* [What you are asked to do] Restate the listing below word for word; no pictures belong in the copy.

--- Source records ---

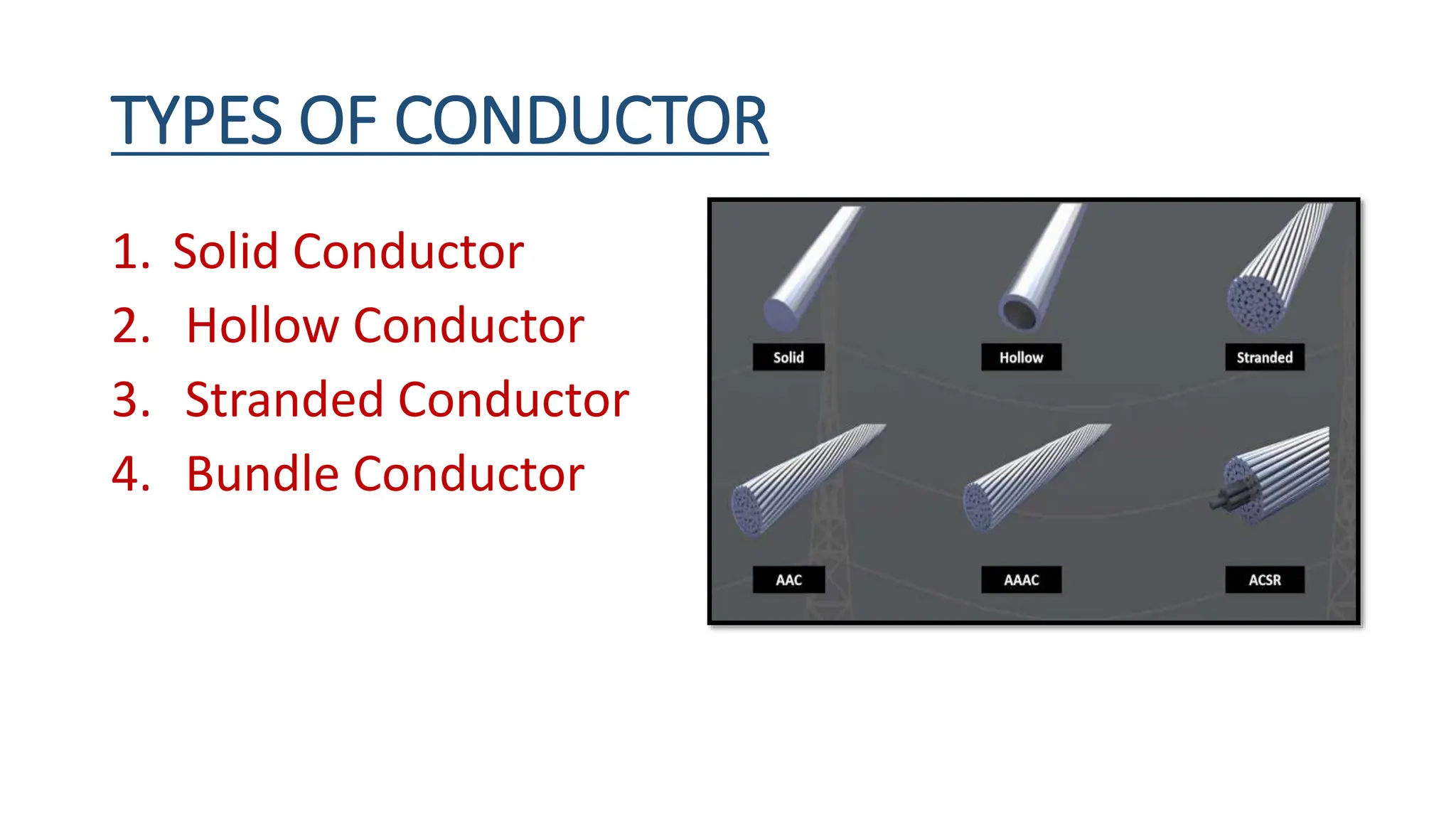 TYPES OF CONDUCTOR
1. Solid Conductor
2. Hollow Conductor
3. Stranded Conductor
4. Bundle Conductor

---

* [Exercise result]
 TYPES OF CONDUCTOR
1. Solid Conductor
2. Hollow Conductor
3. Stranded Conductor
4. Bundle Conductor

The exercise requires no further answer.